→ **About this task**: No pictures belong in the copy. Restate the rest of the data exactly.

→ **Supplied data**:
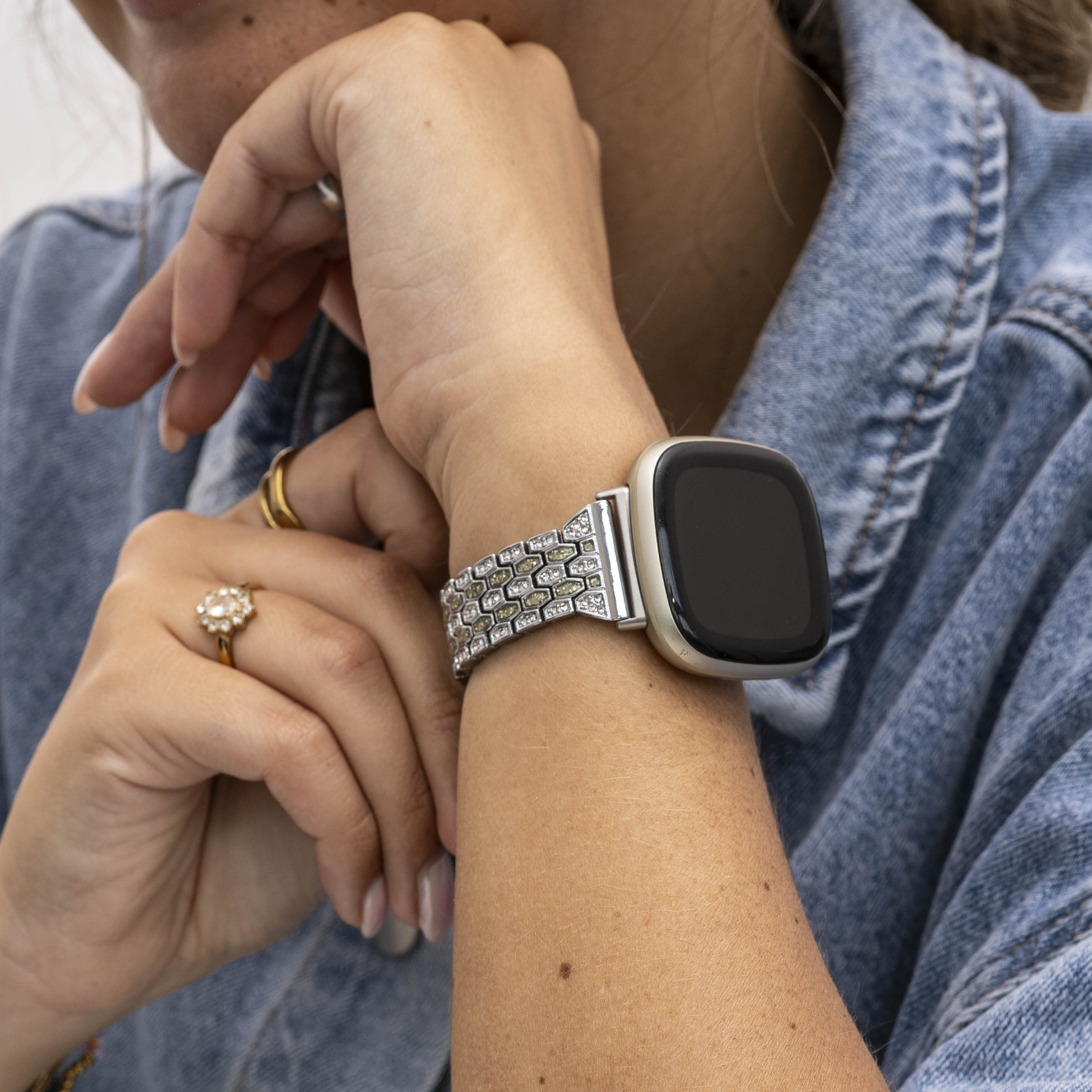 Silver Diamond Fitbit Versa 3 bandje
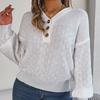 GMXIA Women's Fashion Casual Solid Color Autumn Winter Long Sleeve V-neck Loose Button Up Lantern Sleeve Pullover Sweater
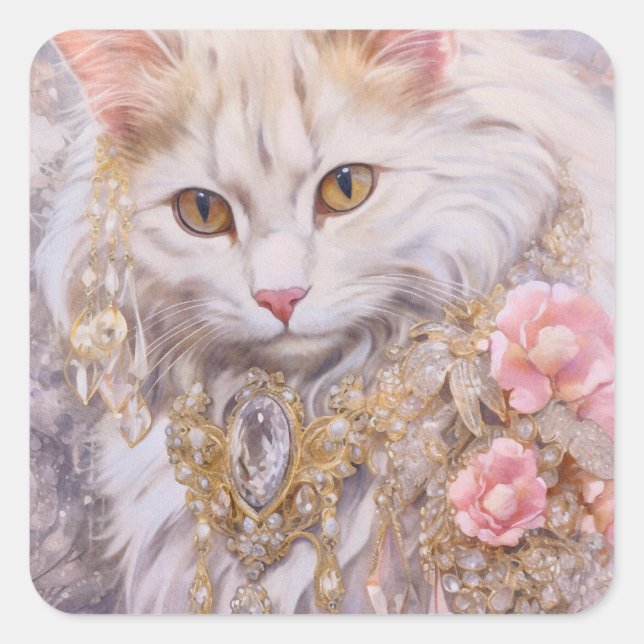 Elegante weiße Katze in Gold und Diamanten Quadratischer Aufkleber (Vorderseite)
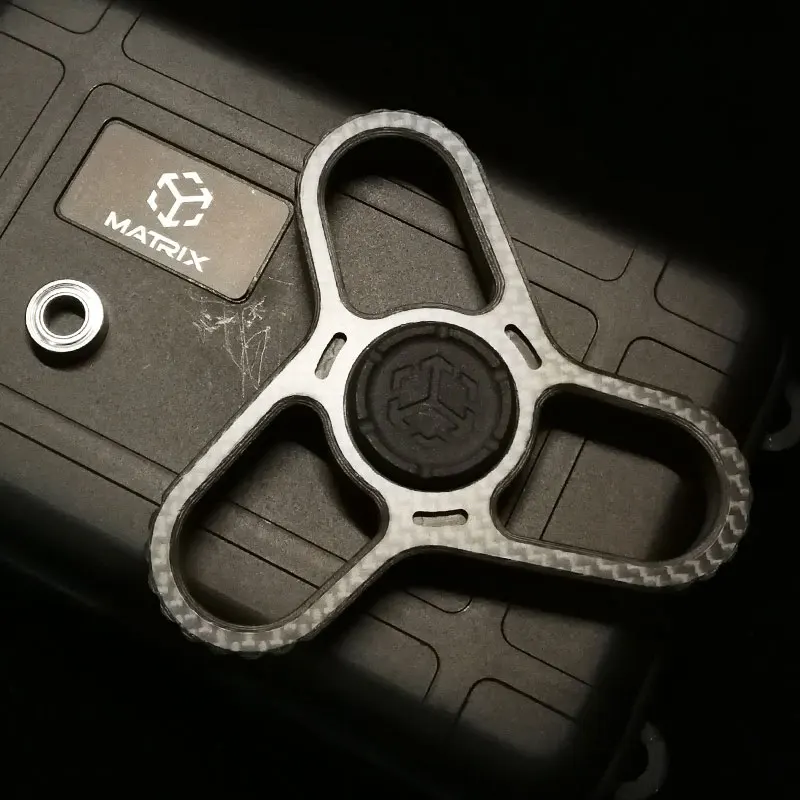 Details about   Carbon Fiber Fidget Spinner EDC Finger Buckle Autism Stress Reliever Gyro Toy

→ **Exercise result**:
 Silver Diamond Fitbit Versa 3 bandje
 GMXIA Women's Fashion Casual Solid Color Autumn Winter Long Sleeve V-neck Loose Button Up Lantern Sleeve Pullover Sweater
 Elegante weiße Katze in Gold und Diamanten Quadratischer Aufkleber (Vorderseite)
 Details about   Carbon Fiber Fidget Spinner EDC Finger Buckle Autism Stress Reliever Gyro Toy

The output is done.